Suite design¶

The simulation design¶

The DEGRACE-pilot design is 64 cosmologies sampling the 4-parameter ΛCDM space (Omega_m, h, n_s, S_8), each run as five boxes (initial-condition seeds). The f(R) (n = 1) twin campaign re-runs the same 64 cosmologies with a fifth parameter logf_R0 ∈ [−7, −4], reusing the matched ΛCDM seeds. Snapshots are at z = 0.25 and z = 0.00.
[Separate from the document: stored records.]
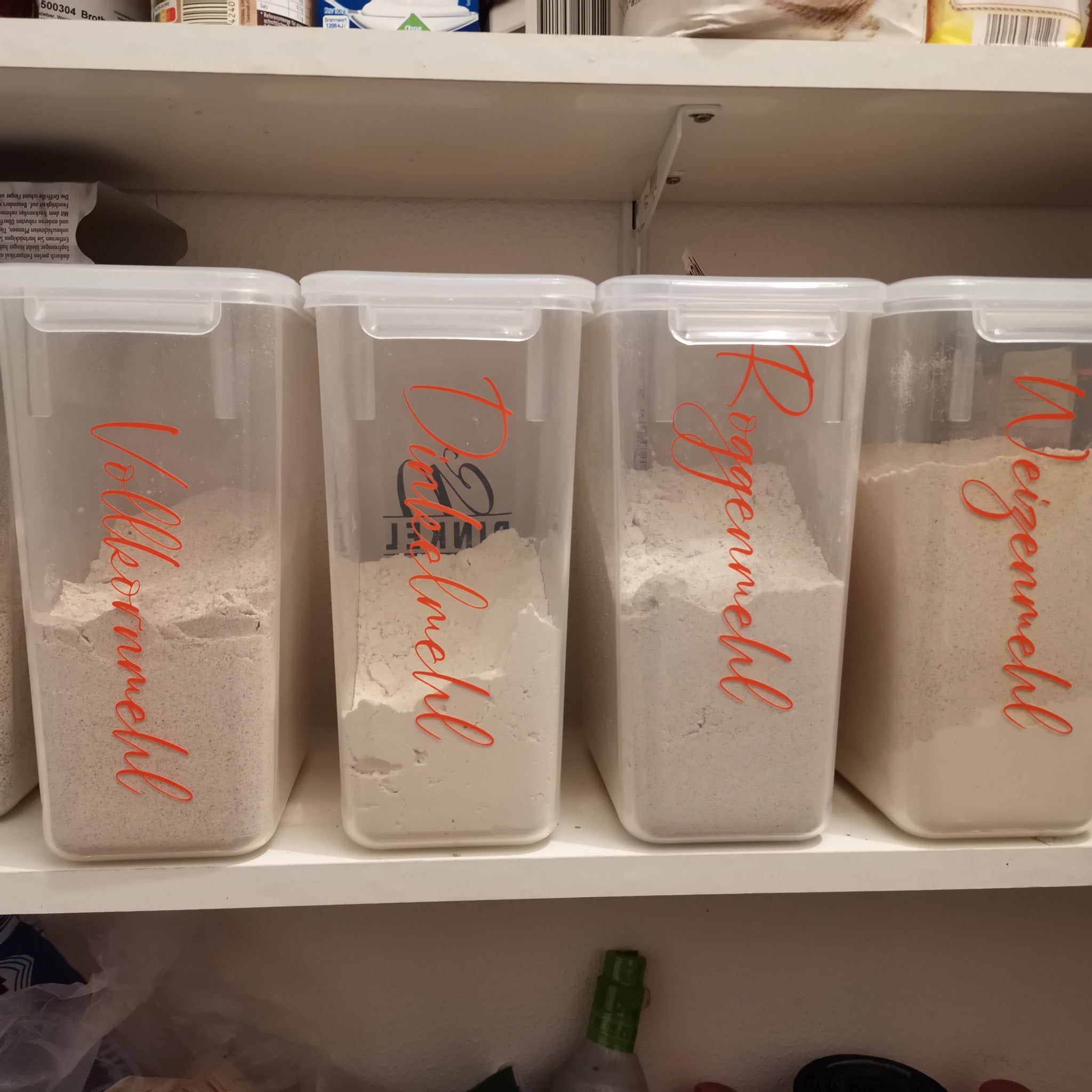 Vier durchsichtige Mehldosen in einer Küchenschrankanordnung, klar beschriftet für Vollkorn-, Dinkel- und Roggenmehl. Ein modernes Designkonzept von easy-sticks, erhältlich in der '138 x Vorratshaltung' Laserdatei.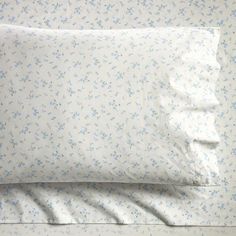 two pillow cases sitting next to each other on top of a bed covered in white sheets and blue flowers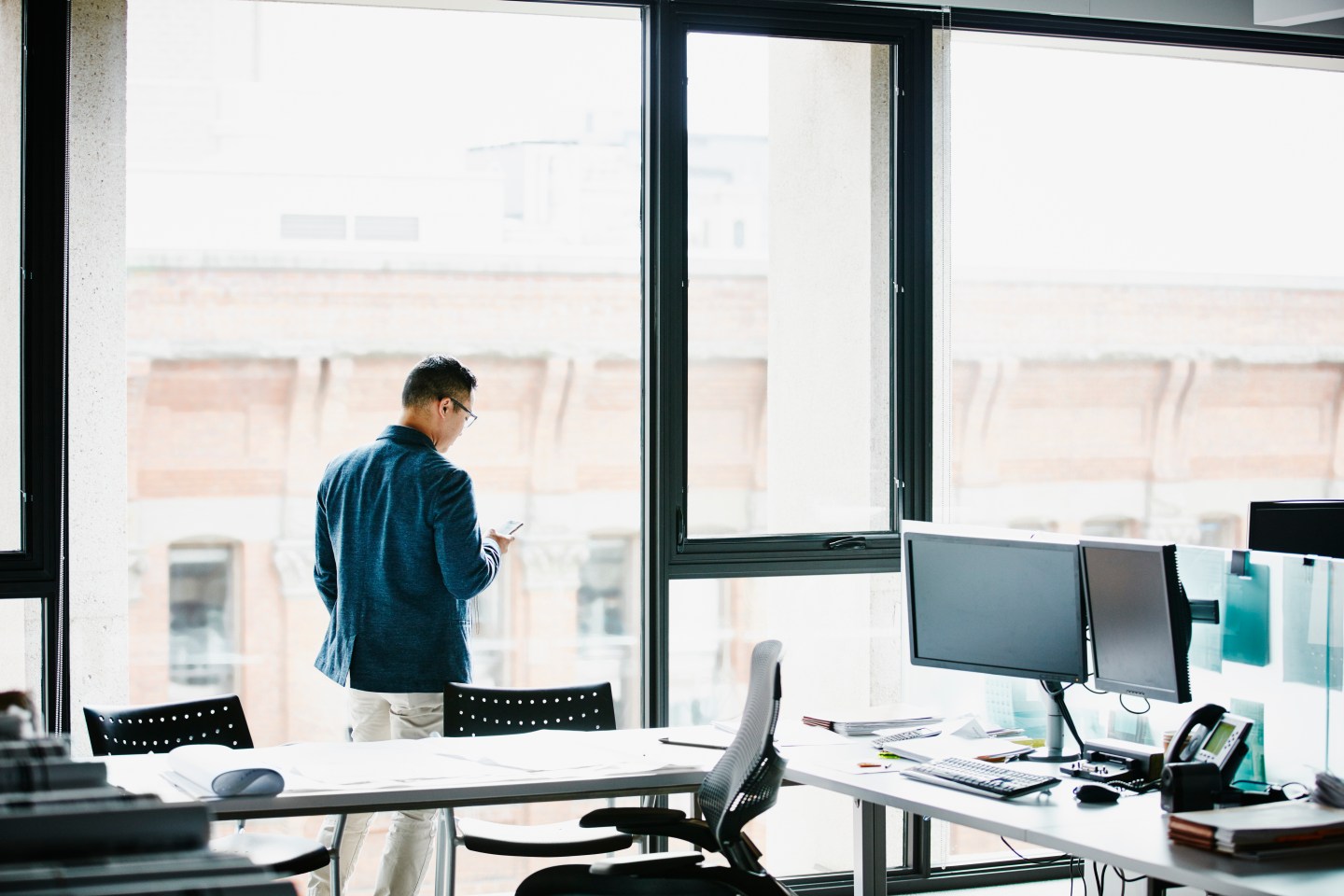 Businessman working on smartphone in office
Two 100-box fiducial suites at the GR fiducial background — F5n1 (logf_R0 = −5) and F6n1 (−6) — provide independent-seed out-of-sample tests that are not limited by the 5-box sampling noise floor.

The plugin abstraction¶

Each property is a plugin. Two ABCs, treated uniformly by the registry:

TrainedProperty — assemble() builds a training bundle from halocat loaders, build() fits the artifact, validate() produces the accuracy block. Its train_depends are upstream data products.
DerivedProperty — no weights; derive(deps, theta) combines upstream registry artifacts (depends_on, optional_depends) at predict time.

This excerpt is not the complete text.